* **Requirement**
Before printing the listing, strip out its pictures and keep everything else exact.

─── Data shown ───

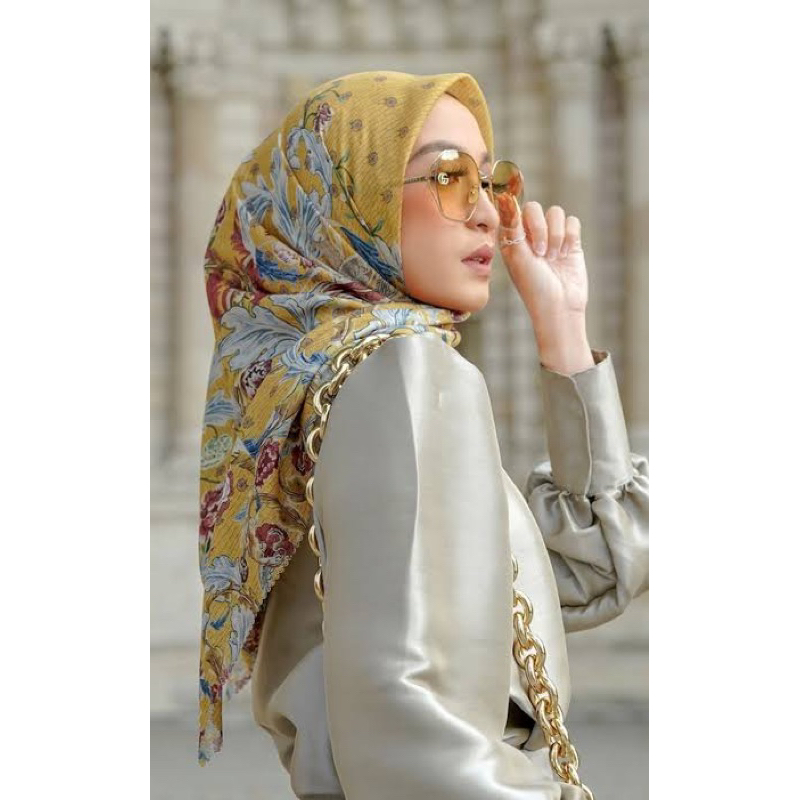 Buttonscarves Royale Series - Yellow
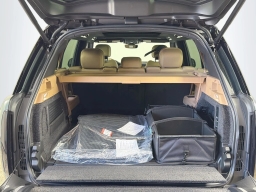 Land Rover Range Rover SE P400 LWB 7 Seat 2026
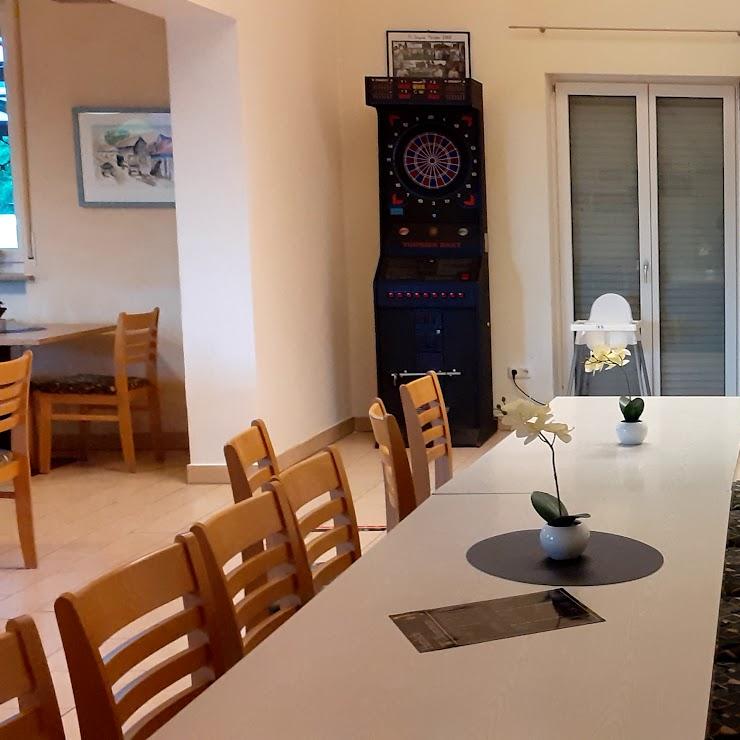 Restaurant "Rali & Rossi´s Sportgaststätte  Griechische, Bulgarische & Deutsche Spezialitäten" in Adelsried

───

* **Exercise output**
 Buttonscarves Royale Series - Yellow
 Land Rover Range Rover SE P400 LWB 7 Seat 2026
 Restaurant "Rali & Rossi´s Sportgaststätte  Griechische, Bulgarische & Deutsche Spezialitäten" in Adelsried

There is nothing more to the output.